Neonazis im ukrainischen FußballIn den ukrainischen Fanszenen dominieren Neonazis die Kurven. Für unsere Reportage über eine linke Ultragruppe (11FREUNDE #140, ab jetzt im Handel) haben wir auch Dr. Rafal Pankowski interviewt, der an der Universität Warschau lehrt und sich mit Rechtsextremismus im osteuropäischen Fußball beschäftigt. Ein Gespräch über Versäumnisse, Gefahren und Aussichten
Dr. Rafal Pankowski, nahezu alle Ultraszenen im ukrainischen Fußball werden von Neonazis dominiert. Wie werten Sie die Positionierung der Fanszene von Arsenal Kiew?
Eine
Gruppe wie die von Arsenal Kiew, die sich offen links zeigt, ist in
der Ukraine tatsächlich eine sehr untypische und außergewöhnliche
Erscheinung.

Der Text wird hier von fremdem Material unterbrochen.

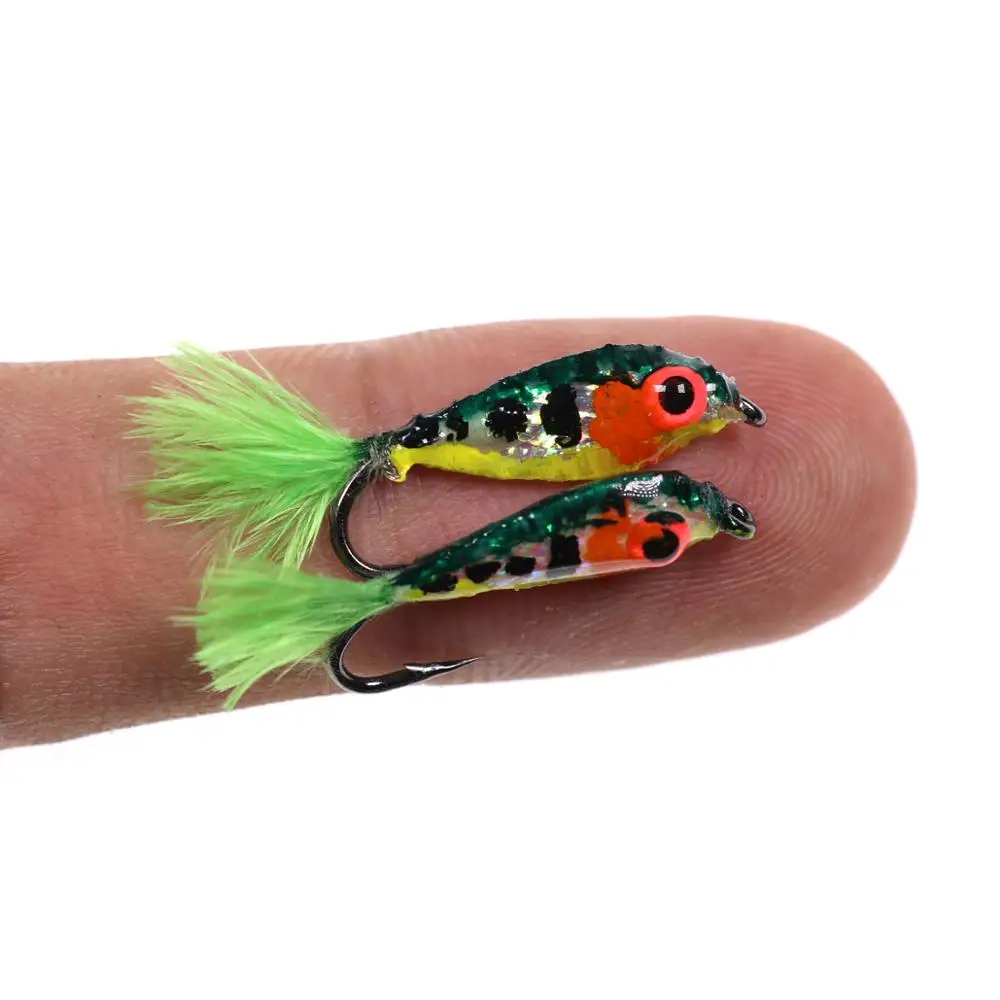 Bimoo 2 шт.#10 мини Baitfish Minnows форель рыболовные крючки мухи приманки стримеры с 3D светящиеся глаза маленькая приманка имитация рыбы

Ich bin mir jedenfalls sicher, dass wir weder in der
Ukraine noch in anderen post-sowjetischen Staaten auf Erstliga-Level
viele vergleichbare Szenen finden werden. Das liegt auch daran, dass
sich jeder, der sich entscheidet, bei einer solchen Gruppe
mitzumachen, automatisch in Gefahr begibt. Deshalb bleiben diese
Gruppe auch relativ klein.
Die Fans von Arsenal
Kiew behaupten, dass 15 von 16 Klubs in der ukrainischen Premjer Liga
von rechten Fangruppen unterstützt werden. Ist das übertrieben?
Es
ist kein Klischee, sondern ein Fakt: Rassismus und Faschismus ist im
osteuropäischen Fußball sehr verbreitet. Lediglich der Grad der
rechten Ausrichtung unterscheidet die einzelnen Szenen voneinander.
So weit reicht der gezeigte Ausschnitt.